IFRS 15 led to significant changes in the revenue and profit recognition model, and to increased complexity in the accounting process of construction companies. Regular construction contracts contain several performance obligations that are fulfilled at different times.
This requires accountants to assess whether goods or services are recognized at a point in time or over a period, whether goods or services are distinct or must be combined with other goods or services when revenue is recognized, and whether discounting is required to account for the time value of money in long-term contracts.
During the first step, based on the conditions of the example, we can conclude that we are dealing with a contractual agreement between the company XXX and the buyer.
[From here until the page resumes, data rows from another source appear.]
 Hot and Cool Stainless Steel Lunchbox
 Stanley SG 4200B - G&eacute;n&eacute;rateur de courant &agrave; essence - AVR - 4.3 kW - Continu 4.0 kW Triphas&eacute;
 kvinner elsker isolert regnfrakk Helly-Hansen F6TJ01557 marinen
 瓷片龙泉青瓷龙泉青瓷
The second step is to identify the performance obligation. The contract includes a promise to transfer goods or services to the buyer. In this case, construction companies must identify each promise in the contract with the customer. The promise is treated as a performance obligation. However, promises are considered distinct if the following criteria are met: the customer can benefit from the service. An entity promise to transfer a construction service to a customer can be separately identified from other contractual promises.
Based on the conditions of the example, the installation of water heating equipment is one general obligation.
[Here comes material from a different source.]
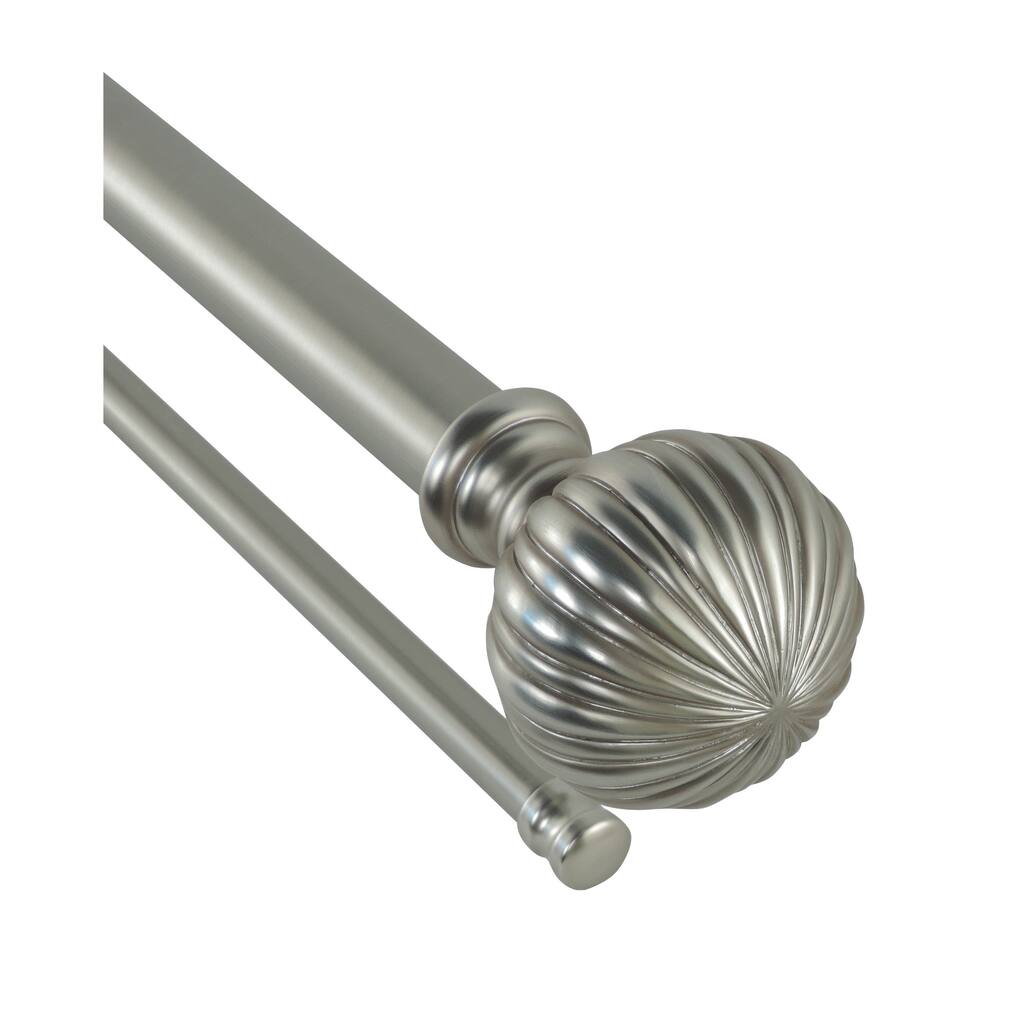Adjustable Balao 88- to 144-inch Double Curtain Rod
During the third step it is necessary to determine the transaction price. The transaction price is the amount of the contractual consideration that the company expects to receive for the provided goods or services. It can consist of a fixed amount or a variable portion of the remuneration. Based on the terms of the example, the contract price makes 10 million CU.
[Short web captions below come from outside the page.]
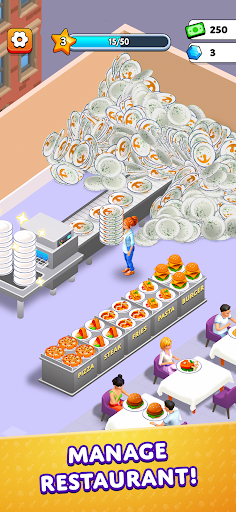 Suzy's Food Restaurant Game screenshot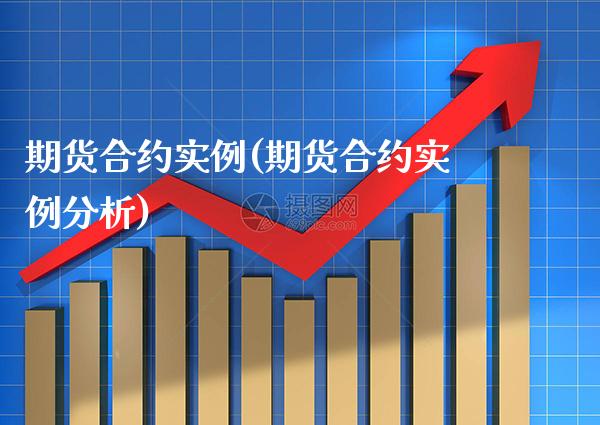 期货合约实例(期货合约实例分析)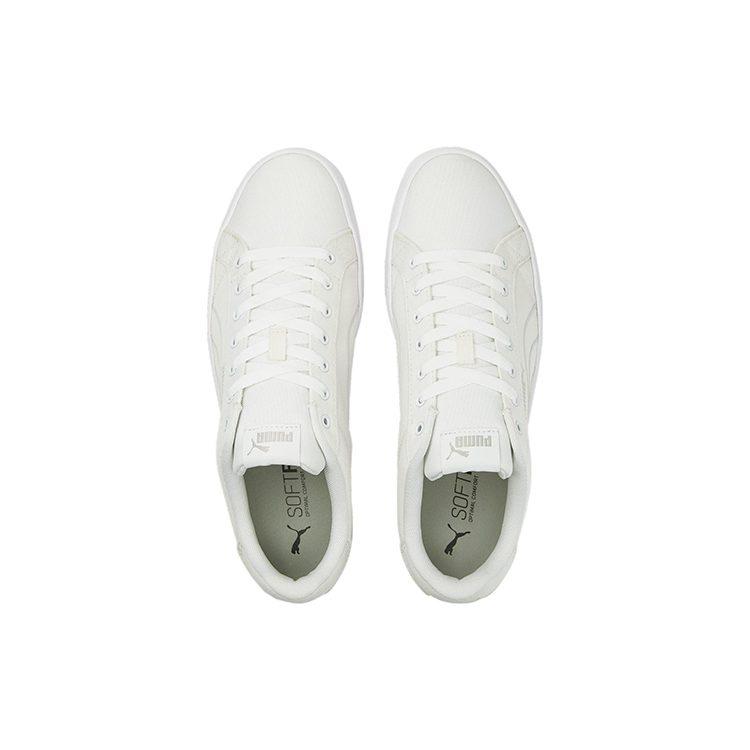 Puma Smash Vulc V3 Lo Cv 'White Grey Violet' 383875-01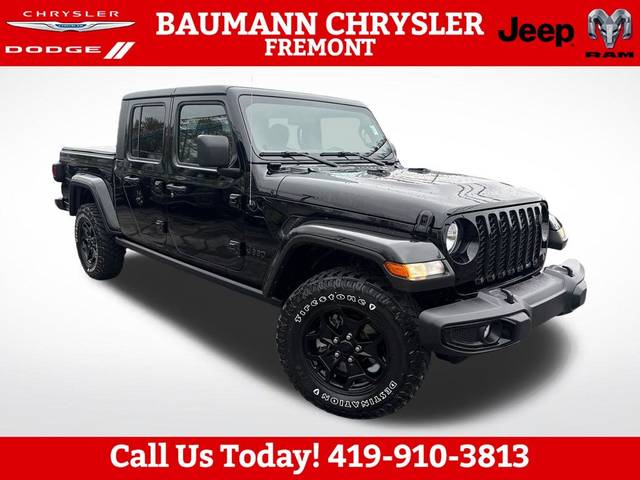 2022 Jeep Gladiator Willys 4WD photo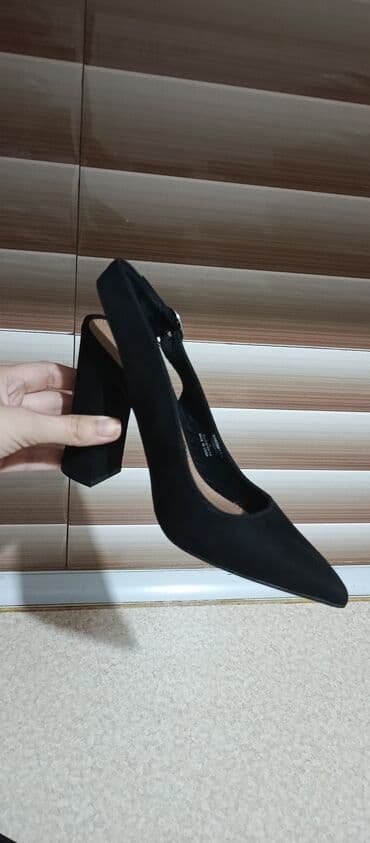 18 karat qizil qiymeti: Asos, Ölçü: 38, rəng - Qara, İşlənmiş — 3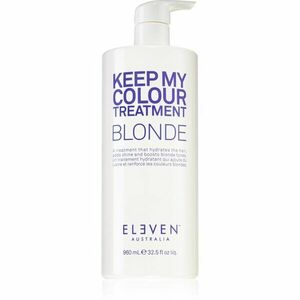 Eleven Australia Keep My Colour Treatment Blonde ošetřující péče pro blond vlasy 960 ml obraz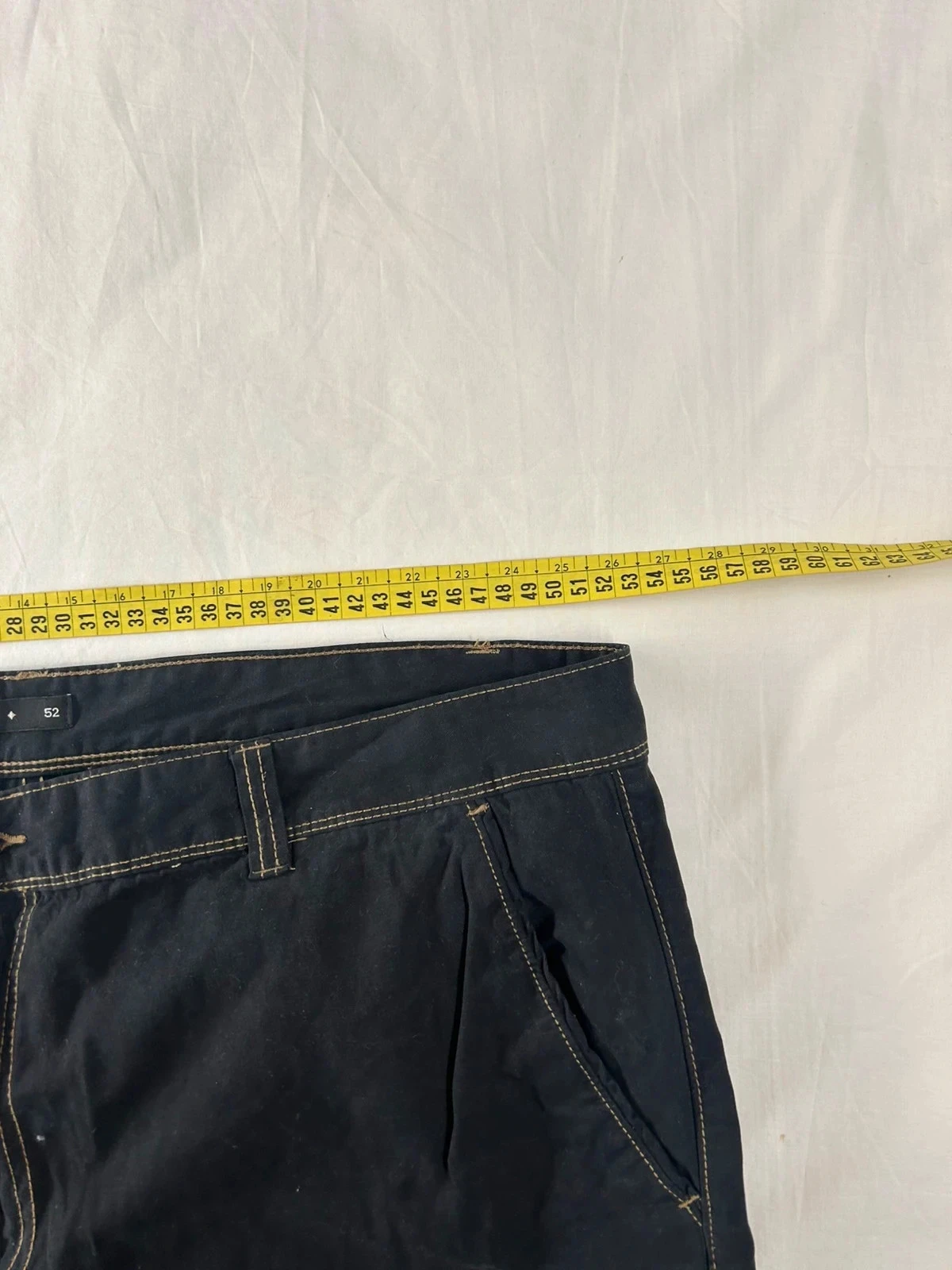 Straight cut black jeans tex – photo 7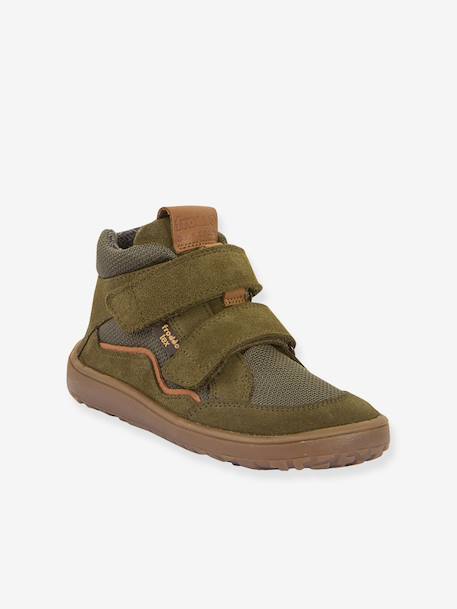 Schoenen met klittenband BAREFOOT TEX AUTUMN FRODDO voor kinderen nachtblauw+olijf+paars+rouge - vertbaudet enfant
During the fourth step, the transaction price is allocated to individual performance obligations. If a company has two or more obligations in a contract, then it is necessary to allocate the transaction price to them based on their relative selling prices.
Based on the conditions of the example, the entire transaction price is allocated to one liability of the company XXX.
During the fifth step, revenue is recognized when obligations are fulfilled or in the process of their fulfillment. Revenue is recognized when the customer obtains control of the asset. In the case of multiple contracts, as the part of the construction services provided has been transferred, that is, the company has fulfilled each distinct contractual obligation.
According to the paragraph 9 of IFRS 15, it is necessary to analyze how the transfer of control over the asset occurs from the seller to the buyer: at a certain point in time (after completion of work) or over time (as the asset is created or services are provided) (Alotibi, 2018).
IFRS 15 defines control as the ability to:
a) determine how the asset is used;
b) receive virtually all of the remaining benefits from the asset, as well as discourage others from doing the same.
IFRS 15 defines the criteria by which one can state that a transfer of control occurs over time. Any contract should be assessed for the presence or absence of these criteria.
Based on the conditions of the example, XXX uses the input method based on the ratio of costs incurred currently to total expected costs. It should be borne in mind that there may not be a direct link between the costs incurred currently and the transfer of service control to the client.
In our example, the company XXX believes that the cost of purchasing water heating equipment constitutes a significant part of the total contract costs and it would be inappropriate to include these costs in the assessment of the part of the work performed, since this overestimates the estimate.
The reason is that the equipment is purchased from third parties and their transfer is not directly related to the construction work performed by XXX under the contract.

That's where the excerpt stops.